CALLOUSES and scars mark the hands of Olympic Champion Alex Gregory, and they will not have much of a chance to heal before the Cheltenham-born oarsman rows for gold at Rio in four years' time.
After taking a well-deserved rest following his London 2012 exertions, Gregory and the rest of the Team GB squad have been gradually returning to their punishing training schedule.
Gregory admits that returning to action after his longest break from a boat for 13 years has been tough on the hands, body but most of all the mind.
Having achieved his life's ambition when striking gold at London 2012 – and after dedicating so much time and mental energy to doing just that – he is struggling to look ahead.
Speaking at this week's Gloucestershire Media Sports Awards with his gold medal at his side, Gregory was refreshingly honest when saying that training has been a struggle.
"It's a different motivation now and to be honest I've not found that yet," he admitted.
"I was always going to carry on rowing and I am still fairly young in the sport. It was never a question of stopping, but it's going to be a very different type of motivation from now on.

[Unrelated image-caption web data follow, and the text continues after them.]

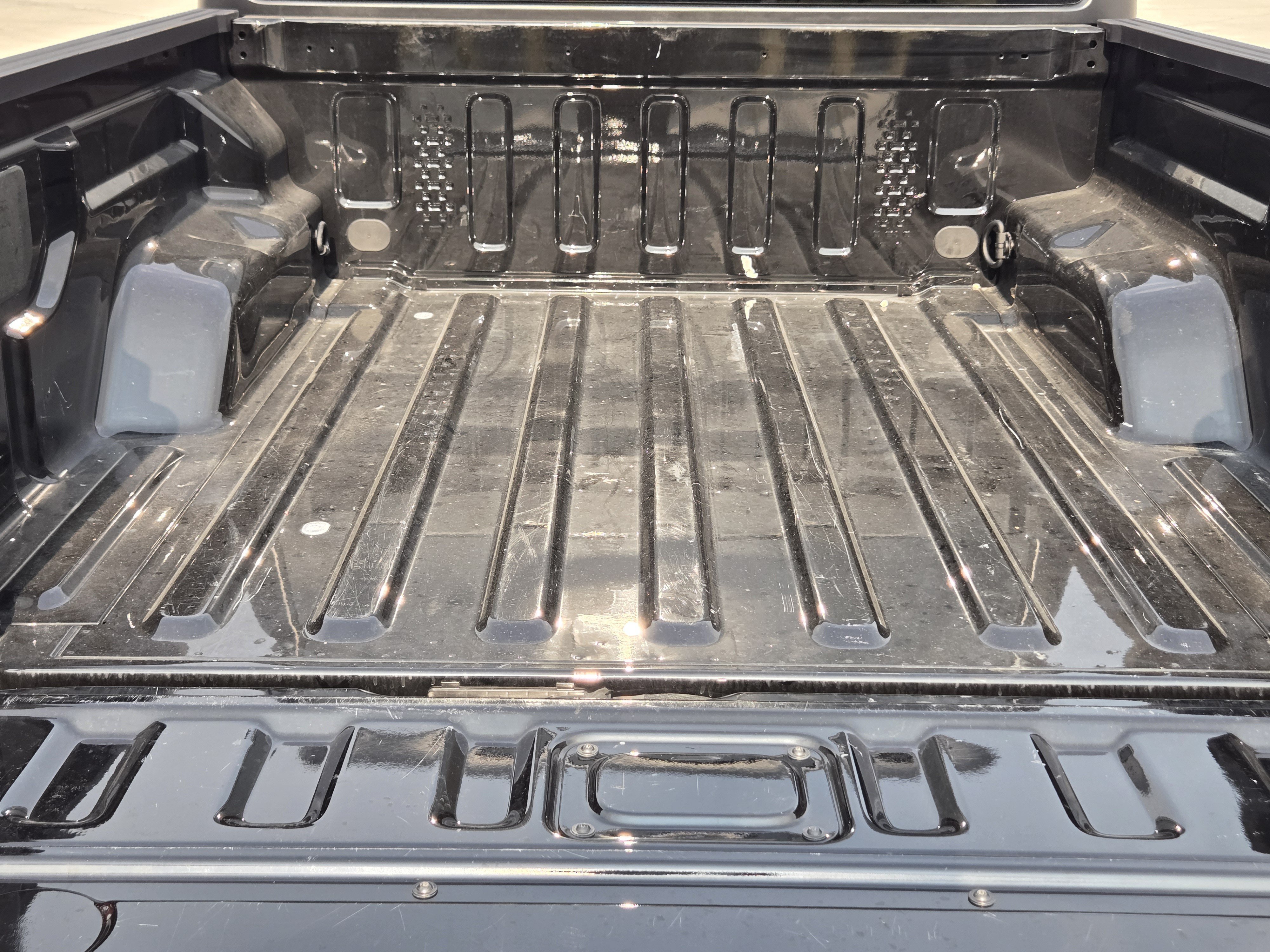 Certified 2026 Jeep Gladiator Mojave AWD/4WD image 32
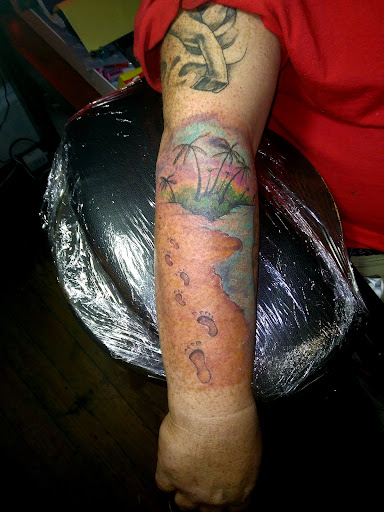Explore broken heart tattoo ideas, creative tattoo ideas in Roanoke, available at RailYard INK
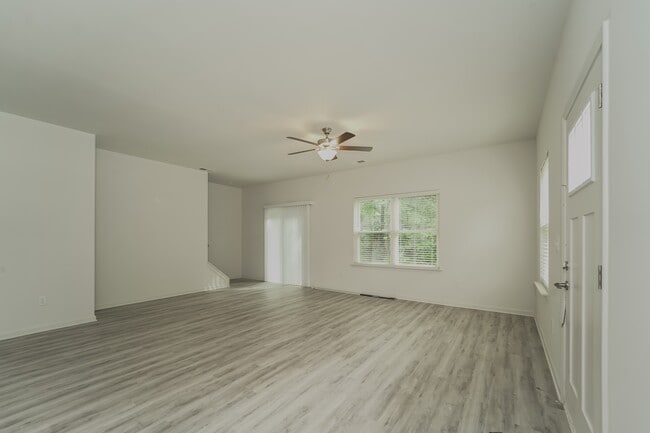 Building Photo - 7121 Plott Rd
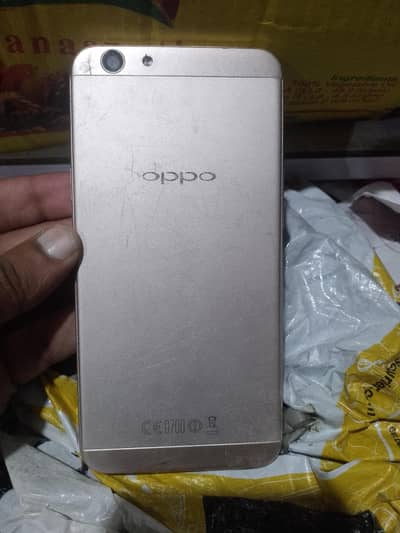 OPPO F1s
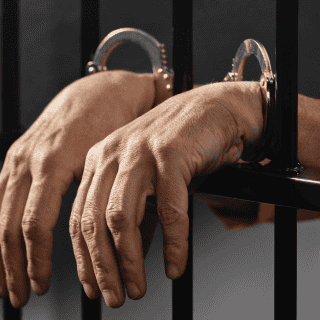 Vinculan a proceso a exfuncionarios del SAT durante el gobierno de Peña Nieto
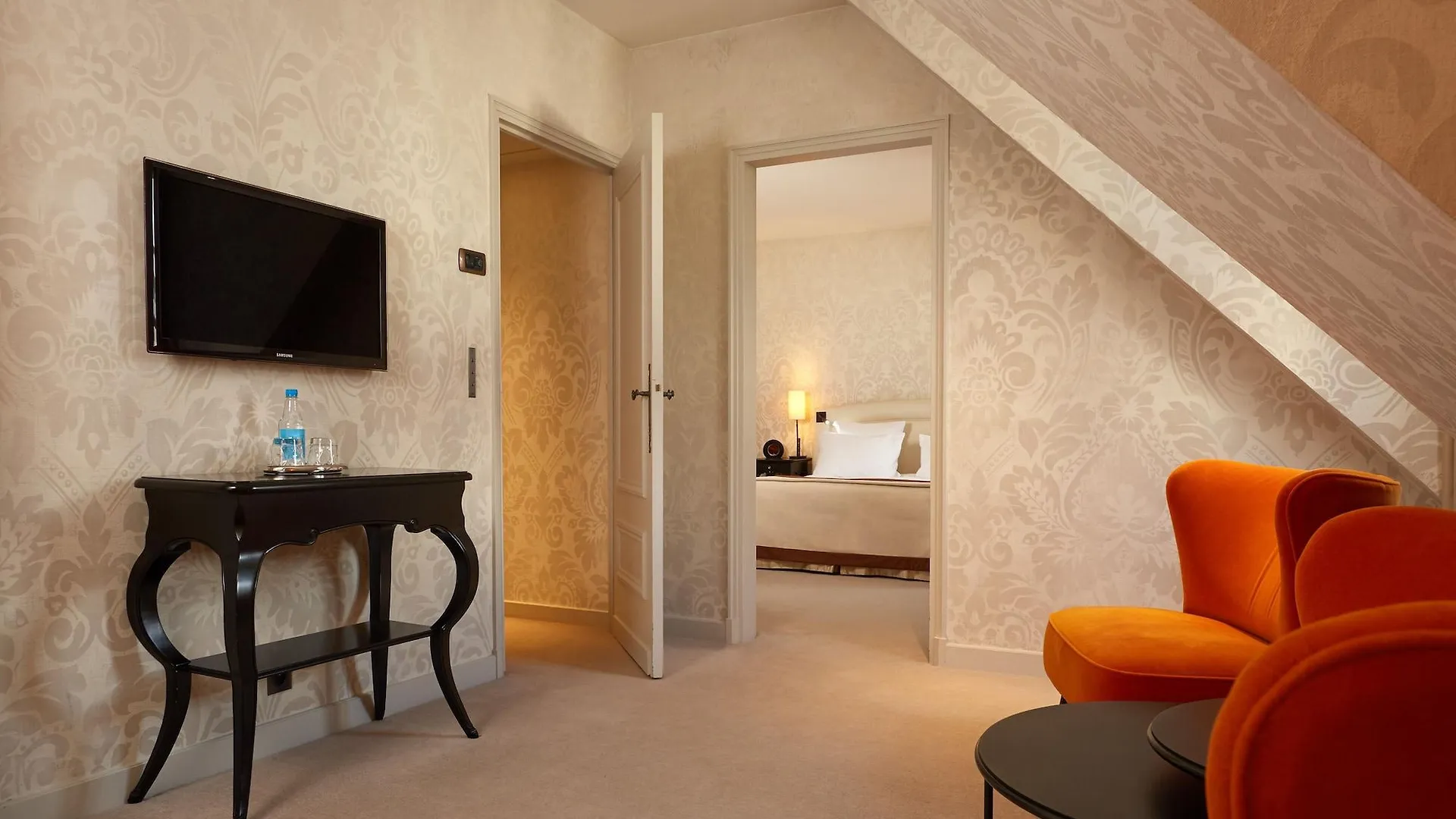 Le Pavillon De La Reine & Spa, Place Des Vosges Hotel Paris 5*,  France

"It was really, really easy to motivate myself to get that first Olympic gold and to get it on home ground as well.
"But now it's not as simple as just wanting it again. I am going to have to find some reserves from deep down to want something that much again."
But if the former Richard Pate Primary and Bredon Hill Middle School pupil is struggling for that all important motivation he has a wealth of people who can help him.
London crew-mates Andy Hodge, Tom James and county compatriot Pete Reed all scooped their second gold medal at London 2012, while coach Jurgen Grobler has plotted successful Olympic campaigns for over 40 years.
Gregory said that he has had a long chat with Team GB's German coaching mastermind in the past few days as he was keen to know what kept him coming back for more.
"I have been talking to Jurgen a lot about motivation and about what spurs him to keep coming back," Gregory said.
"For him it's all about helping other people to repeat their successes and I guess that it's the same thing for us.
"It's actually very easy to do it once, but it's far from easy to keep doing it again and again.
"Pete, Tom and Andy have all done it twice and I will certainly be using their experiences and asking them for advice.
"I know the slate has been wiped clean and there is a group of really talented guys who have replaced the guys who have retired.
"There's people like me who are staying on and striving for that same success and are really enthusiastic about their training.
"So I know that I have got to get back and motivate myself to do better in everything that I do to save my seat.
"Jurgen always says that there are no names on seats and there won't be for some time yet. So we all have to prove ourselves all over again."
And if the 28-year-old does ever see his motivation flagging he has the perfect antidote lying in wait at home in three-year-old son Jasper.
Gregory said that handing his son his London medal was without doubt the proudest moment of his Olympic adventure, even if it was met with a humorous rebuff.
But he also said that with Jasper sure to remember Rio more than he will London, Gregory is doubly keen his son has more golden moments to cherish – even if the first one didn't go down too well at the time.
Gregory said: "Half an hour after I was awarded the medal I passed it over to him – It was the proudest moment ever for a father to give that to my son.
"But he looked at it and said, 'that's not chocolate' and he threw it straight on the floor.
"But seriously, looking ahead it will be a big motivation to go to Rio knowing that he'll be old enough to know what's going on.
"It's an immensely proud moment for me to hand my medal over to him, and for him to take it in to school for show and tell and for him be proud of his dad.
"But he'll remember Rio. He won't remember much of London and that will definitely be a motivation for me going forward."